Qui però affiora un’altra sfida, che non riguarda la società, ma la realtà della vita. «Volevo il massimo». Qualcuno ha giustamente notato che la lettera è una denuncia non solo di quello che la società non dà ai giovani, ma di come li ha educati. Il consumismo imperante li ha abituati fin da piccoli a credere che si può avere tutto. Nelle famiglie i “no” sono stati banditi; nella cultura corrente i desideri sono stati scambiati per bisogni reali e i bisogni sono diventati pretese, così come, a loro volta, le pretese sono state trasformate automaticamente in diritti. Con reazioni di rabbia inaudita quando questi pretesi “diritti” non vengono riconosciuti. All’università di Bologna la Biblioteca della Facoltà di Lettere in questi giorni è stata devastata da un collettivo studentesco per protesta. Senza entrare nel merito della vicenda, questo stile è rivelativo di una deriva distruttiva che nasce dal divario tra desideri e realtà. “O tutto o nulla”.
È questa deriva che ha travolto Michele, figlio di una cultura che non ha più dei padri in grado di segnare il limite ai figli – è la diagnosi di un noto psicanalista, Massimo Recalcati – , e che perciò li lancia allo sbaraglio nell’avventura della vita da eterni adolescenti, senza averli preparati ad affrontarla da adulti.

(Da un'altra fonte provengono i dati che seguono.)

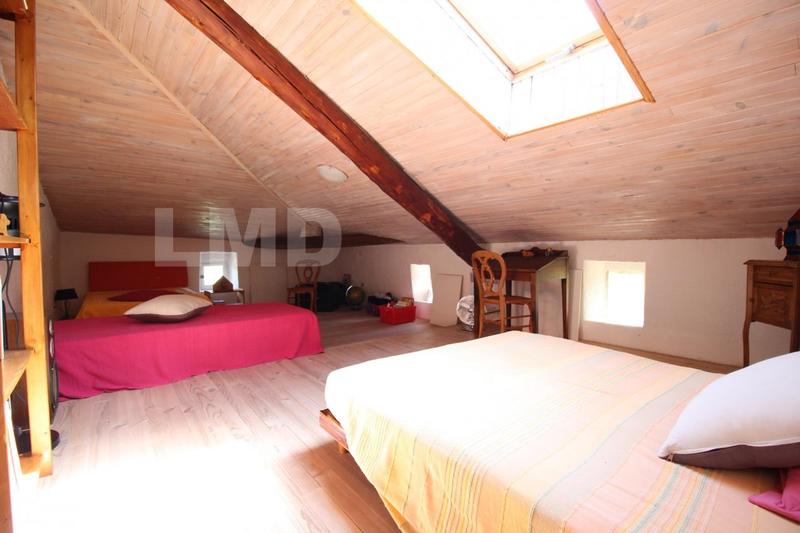 Mas - 273 m² - 7 pièces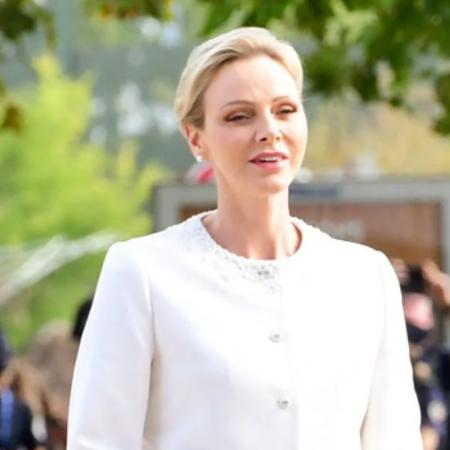 Por qué Charlene de Mónaco pudo vestir de blanco frente al papa León XIV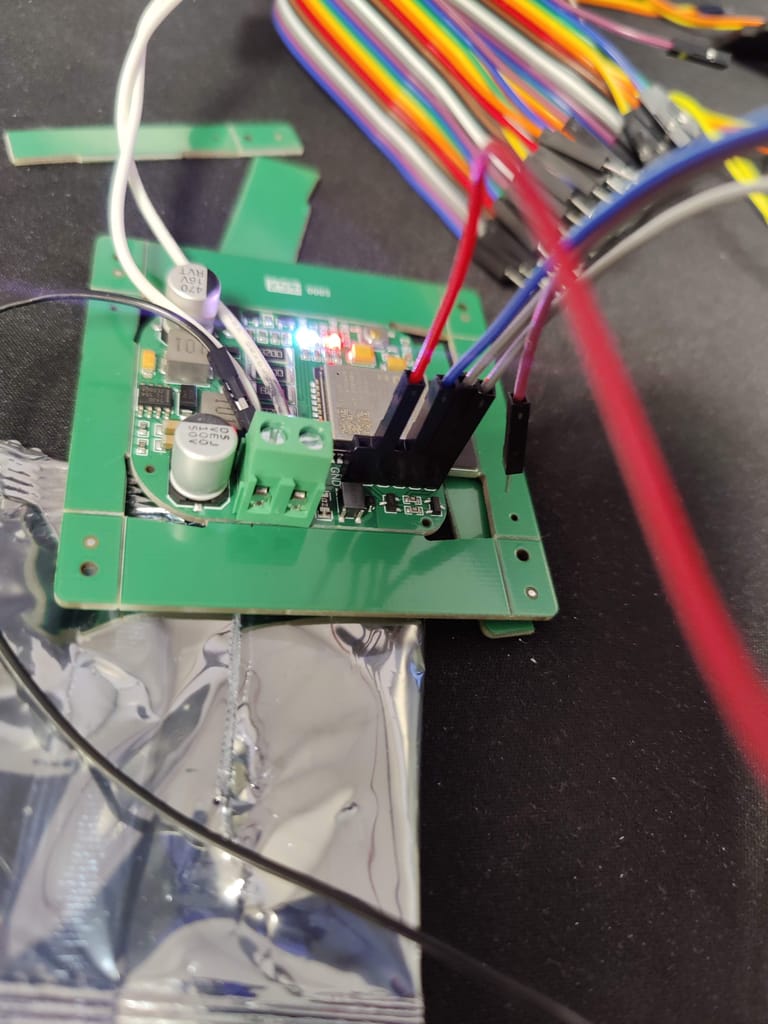 Die Interface-Platine beim Testen mit Jumper-Kabeln verkabelt, Status-LEDs leuchten.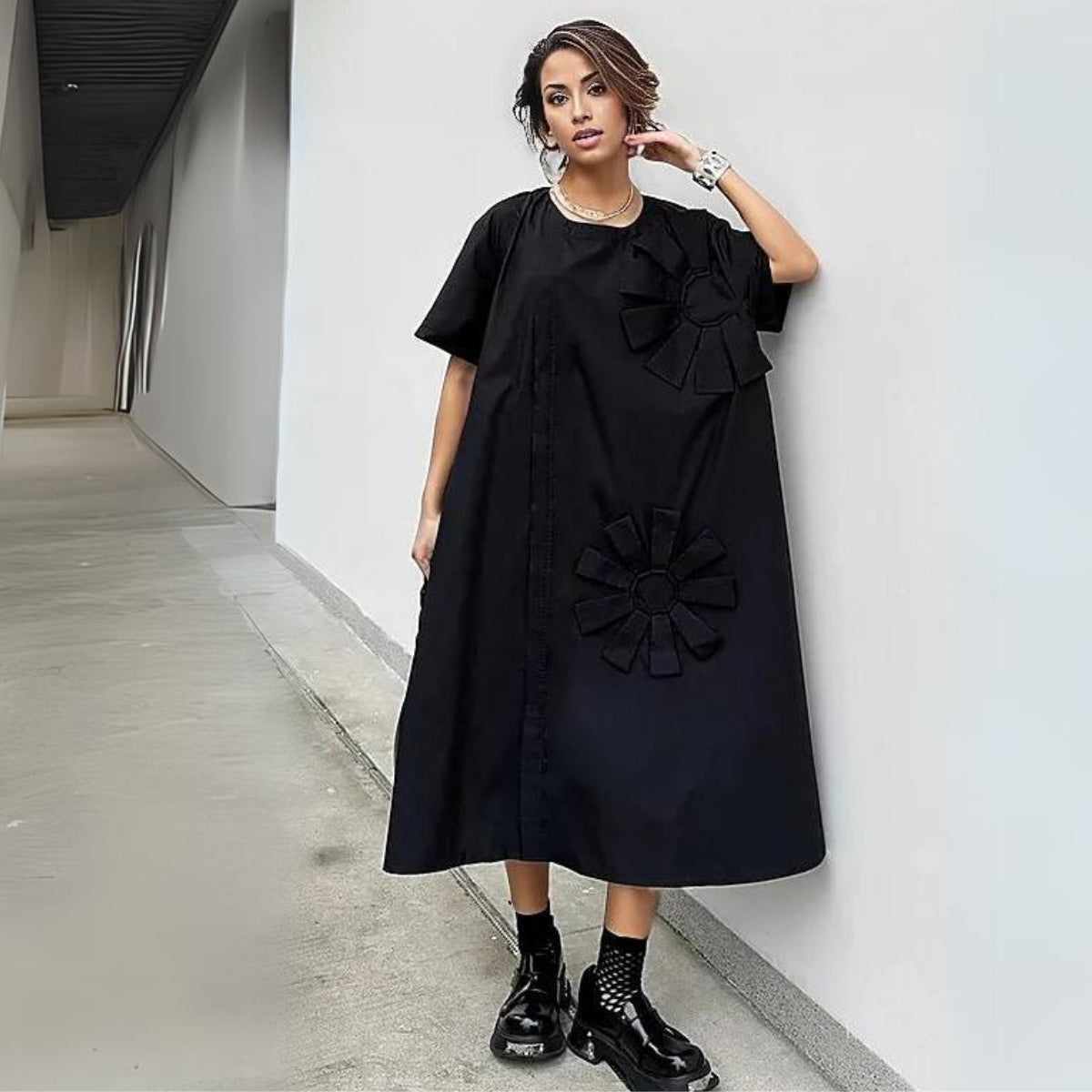 Mid-Length Dress with 3D Flower Decoration - Black & Olive-SimpleModerne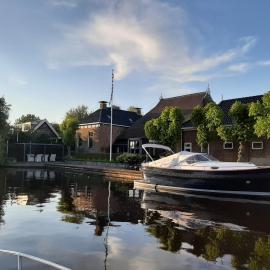 PUUR Eastermar - monumentaal, authentiek en luxe koetshuis aan open vaarwater met jacuzzi en sauna, hotelli kohteessa Oostermeer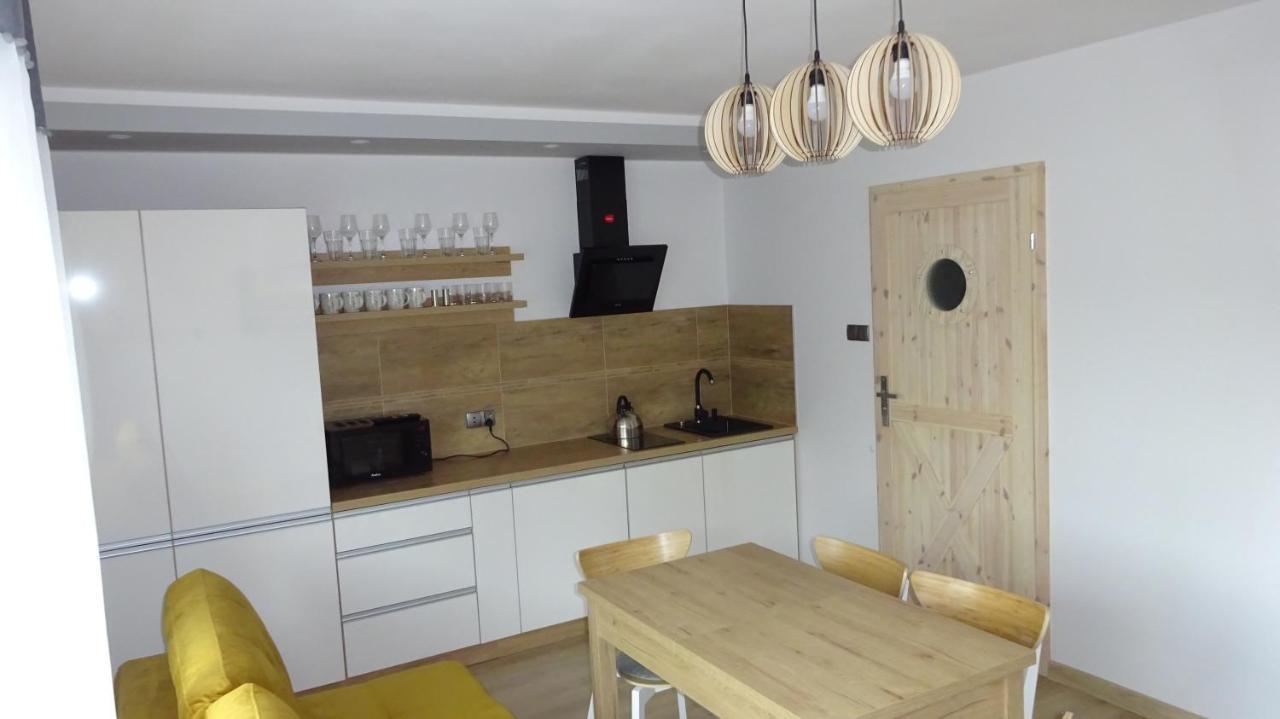 Apartamenty Gosciniec Re-Max Mrzeżyno Exteriér fotografie
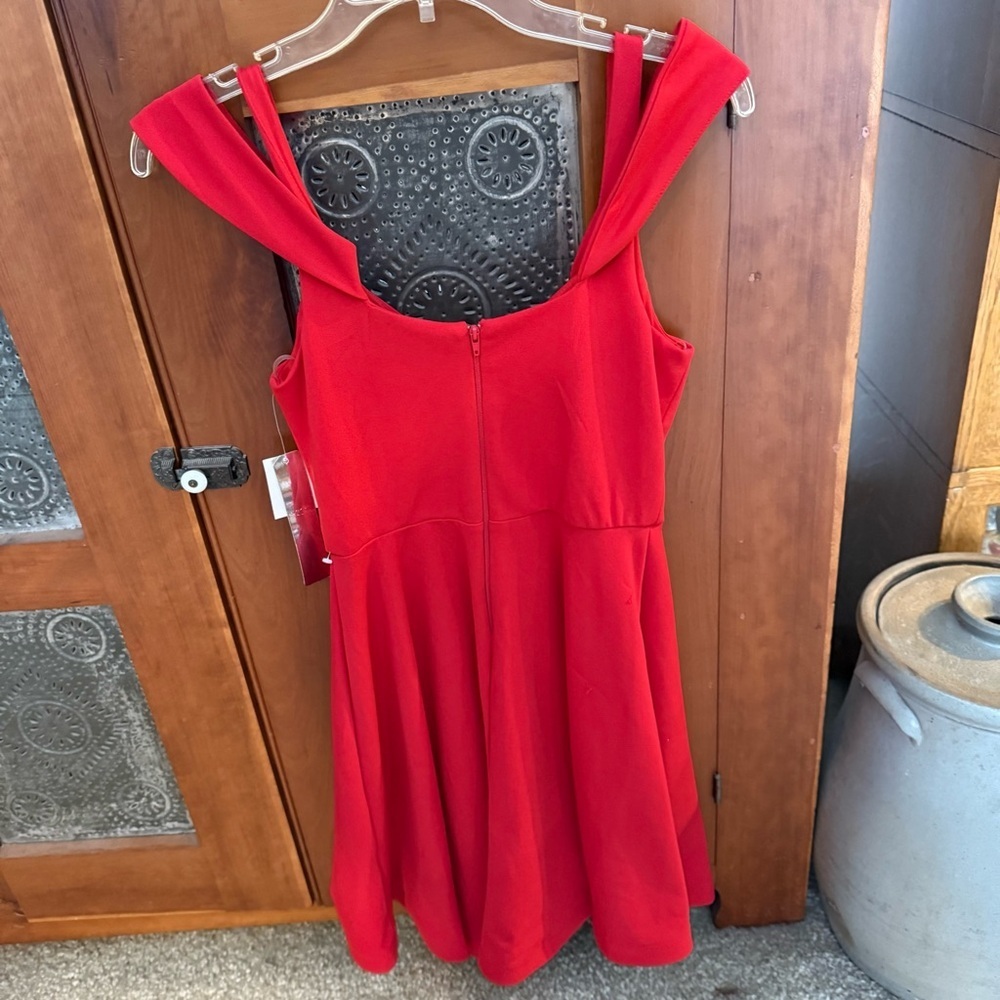 Sequin Hearts Red Skater Style Sweetheart Neckline Dress Junior 3 NWT Macy’s Buy - Picture 5 of 11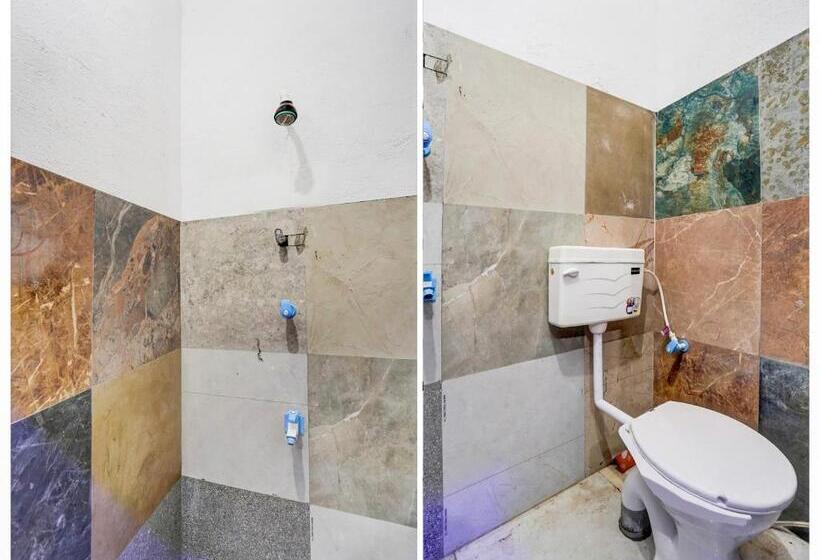 Трехместный Номер Классика, Oyo Yadav Restaurant & Family Rooms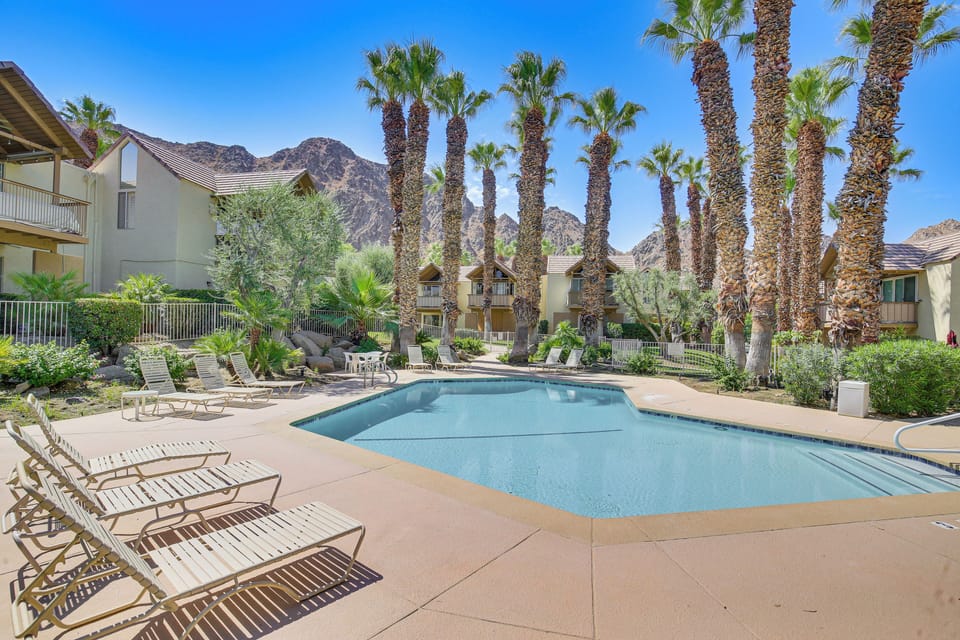 Mountain Cove | Community Pool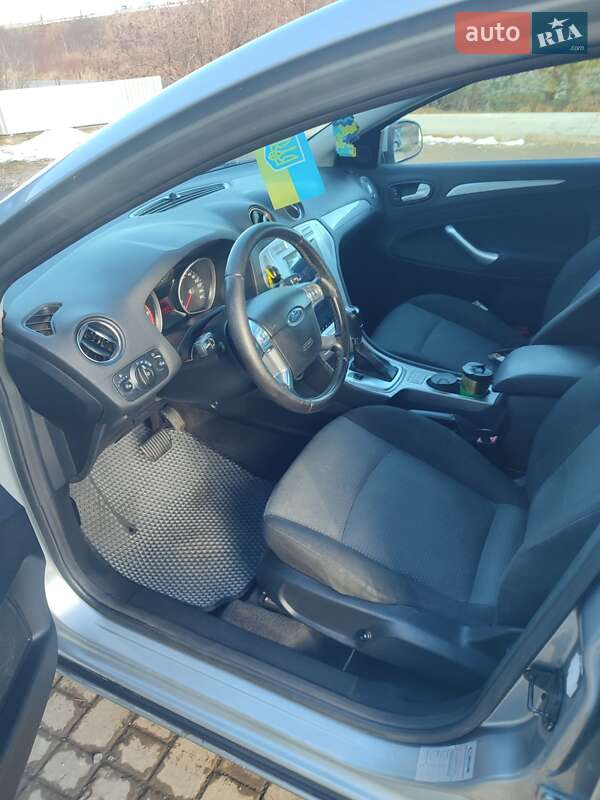 Універсал Ford Mondeo 2008 в Коломиї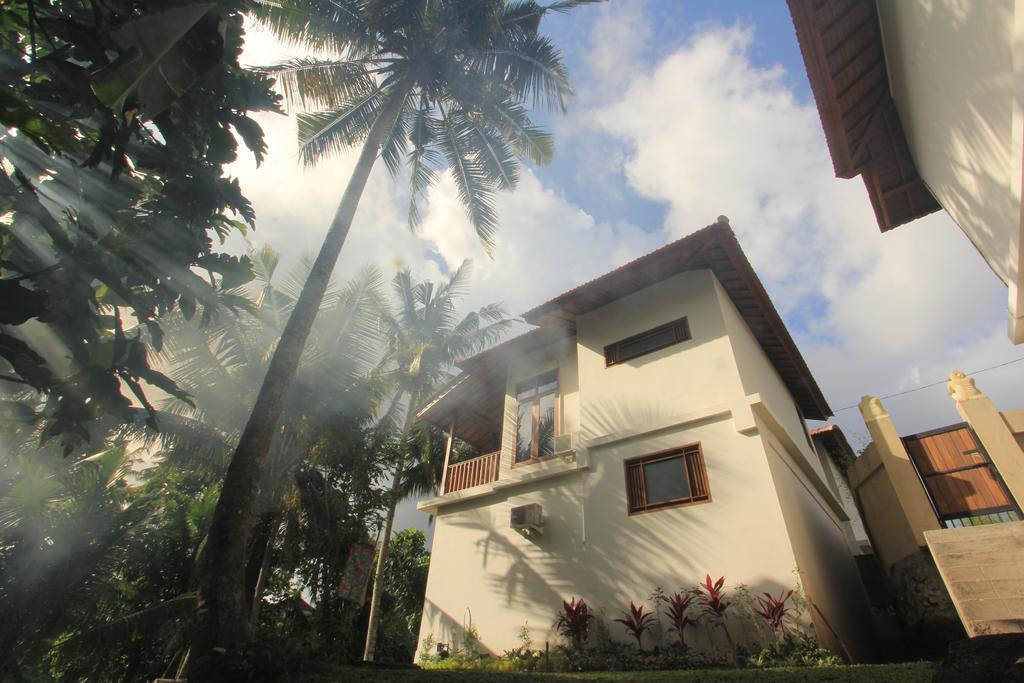 Mahanadewi Villa أوبود الغرفة الصورة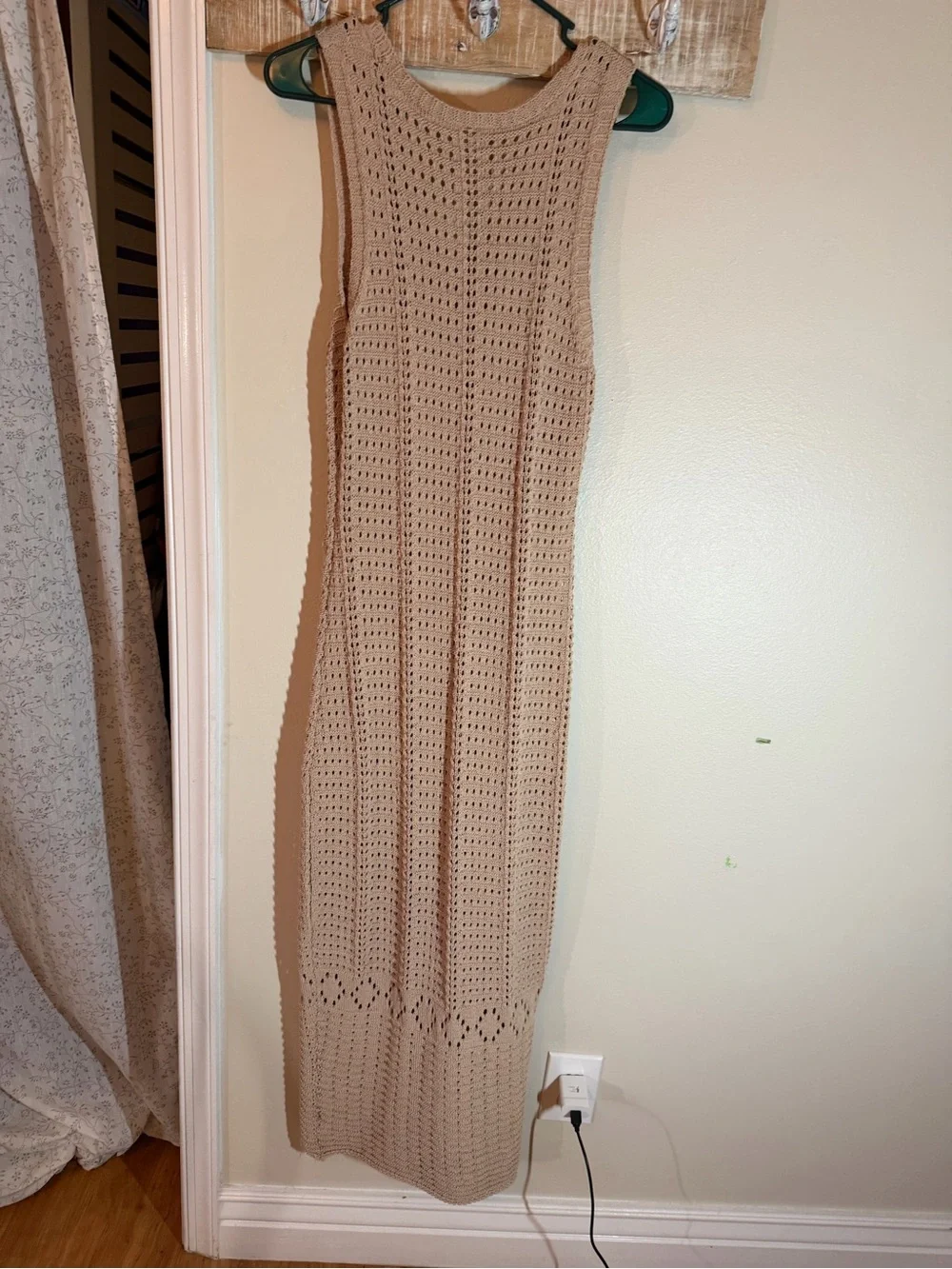 🤍✨ Long Crochet Beach Cover-Up Dress – Cream ✨🏖️👗 Size: L Excellent condition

«Da questa realtà non si può pretendere niente», ha scritto Michele. «Non si può pretendere un lavoro, non si può pretendere di essere amati, non si possono pretendere riconoscimenti, non si può pretendere di pretendere la sicurezza, non si può pretendere un ambiente stabile». No, non si può pretendere di essere gratificati, lo si può sperare, se ci si mette nell’atteggiamento di chi crea, con fatica, con rischio, con perseveranza, le condizioni per esserlo. E la meta non può consistere nella propria personale autorealizzazione, bensì nel fare qualcosa di buono e di utile per gli altri, di cui la realizzazione di sé è la conseguenza. Altrimenti si insegue il miraggio di un effetto, senza essere disposti a pagare il prezzo per determinarlo.
Michele non ha colpa per non averlo capito, perché oggi nessuno lo spiega, anzi le mode culturali veicolano un messaggio opposto. Così, il narcisismo – che per Freud era una precisa malattia – è diventato il normale atteggiamento di tanti ragazzi che sanno guardare solo a se stessi e alle proprie esigenze, ma assai meno a quelle degli altri; che pretendono tutto, ma non si occupano di politica, per cercare di costruire una società più giusta; che anelano ad essere amati (c’è, nella lettera, un chiaro riferimento a questo), ma non si vogliono assumere responsabilità sul piano affettivo (“stiamo insieme finché stiamo bene insieme”); che aspirano ad essere riconosciuti, ma a volte rinunziano anche a studiare e a cercare un lavoro (i cosiddetti NEET). Questo il quadro. Resta il dramma di un giovane di trent’anni che forse ha sbagliato nel volere tutto, ma a cui noi non abbiamo saputo dare niente.